Travel for your well-being. Ways travel can make your mind healthy and happy. Take a mental health break away from work and the responsibilities of daily life to travel, it can do wonders to lessen stress. When life can feel as though you are merely going through the motions of existing; liven it up with a vacation. Maybe you have a place you look forward to visiting once a year, or perhaps you enjoy exploring new places. Get away close to home and have a staycation with yourself. Travel allows you to try new things in new places with new people, helping you to combat monotony. For example, consider experiential traveling abroad. Known to be transformative this immersion style traveling often helps one to re-evaluate and reinvent their lives. Whereas travel is good for one’s mental health be mindful it is not recommended that travel be taken in lieu of mental health therapy. A wellness trip in the form of a retreat can contribute to having better mental health. Learn and develop skills like relaxation, meditation, yoga and mindfulness and then bring them home and incorporate them into a wellness lifestyle.

I firmly believe travel is good for the psyche. Travel is “just what this doctor orders.” In my line of work travel is often seen as a means to maintaining a positive state of mind. I suggest travel to recharge, to relax, to become revitalized, to find meaning, to unwind and to take a break from the hustle and bustle associated with life these days. Traveling can enhance your mood, lessen the chaos you feel, and ultimately improve you. It can increase joy, help prevent depression, help you recover from burnout, heighten your creativity, and expand your horizons. Traveling helps our mental state, lifts our spirits, lessens challenges, improves sleep, removes us temporarily from societal burdens, giving us a break from day to day demands. Travel also offers us distance from a problem or situation, which can then give us the possibility of a new outlook.

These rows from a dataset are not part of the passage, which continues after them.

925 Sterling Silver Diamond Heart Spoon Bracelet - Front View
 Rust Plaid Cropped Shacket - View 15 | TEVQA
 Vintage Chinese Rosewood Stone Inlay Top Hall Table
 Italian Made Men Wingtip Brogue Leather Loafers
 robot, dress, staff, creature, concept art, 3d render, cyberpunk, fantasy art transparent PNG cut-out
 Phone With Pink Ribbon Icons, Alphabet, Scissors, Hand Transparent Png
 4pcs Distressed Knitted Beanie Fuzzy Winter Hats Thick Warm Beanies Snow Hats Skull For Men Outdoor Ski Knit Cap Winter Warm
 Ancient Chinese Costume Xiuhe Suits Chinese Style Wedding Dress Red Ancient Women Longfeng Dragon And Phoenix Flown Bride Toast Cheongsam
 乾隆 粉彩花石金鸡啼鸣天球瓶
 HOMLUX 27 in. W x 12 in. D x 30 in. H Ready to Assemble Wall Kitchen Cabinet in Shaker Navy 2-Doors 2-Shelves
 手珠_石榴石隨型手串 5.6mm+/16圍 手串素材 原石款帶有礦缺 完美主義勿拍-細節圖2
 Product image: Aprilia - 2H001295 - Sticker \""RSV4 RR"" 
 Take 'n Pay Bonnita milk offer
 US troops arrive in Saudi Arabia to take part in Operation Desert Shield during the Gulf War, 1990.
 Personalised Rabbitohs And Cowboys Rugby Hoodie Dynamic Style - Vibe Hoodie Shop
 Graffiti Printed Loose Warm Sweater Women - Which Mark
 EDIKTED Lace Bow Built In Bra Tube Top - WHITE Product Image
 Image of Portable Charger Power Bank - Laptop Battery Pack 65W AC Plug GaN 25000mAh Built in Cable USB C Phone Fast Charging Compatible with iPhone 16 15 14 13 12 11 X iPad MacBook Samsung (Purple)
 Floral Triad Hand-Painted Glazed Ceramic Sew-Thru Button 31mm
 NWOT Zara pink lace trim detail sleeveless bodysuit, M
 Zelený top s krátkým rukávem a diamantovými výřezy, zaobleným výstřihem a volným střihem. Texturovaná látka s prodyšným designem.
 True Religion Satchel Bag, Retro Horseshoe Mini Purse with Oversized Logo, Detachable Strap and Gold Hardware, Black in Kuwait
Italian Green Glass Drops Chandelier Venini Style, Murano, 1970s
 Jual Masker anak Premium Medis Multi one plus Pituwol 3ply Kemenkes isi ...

Getting out and taking a vacation has multiple potential benefits for both your mental and physical health. Travel is educational, eye opening and expands the mind, which creates wonderful learning opportunities that motivates and empower us to live well. It positively affects a traveler’s perception, awareness, imagination, and reasoning. On a personal note, I love to travel because it allows me to discover a world so different from the world I have lived, while discovering myself. Traveling has often helped me to understand what formal education has not. Travel, whether in the mind, or in the world helps to direct, guide, expose and orient one’s attention towards the differences amongst others. It takes us from one place to another literally and figuratively, physically, and mentally. Simply put this travel lover recommends getting out and seeing the world and letting the world see you. One’s ability and desire met with the opportunity to travel is one of the best gifts one can experience. This spring encounter yourself through travel. Explore, dream, discover…travel and take a journey into yourself. Your mental health deserves it.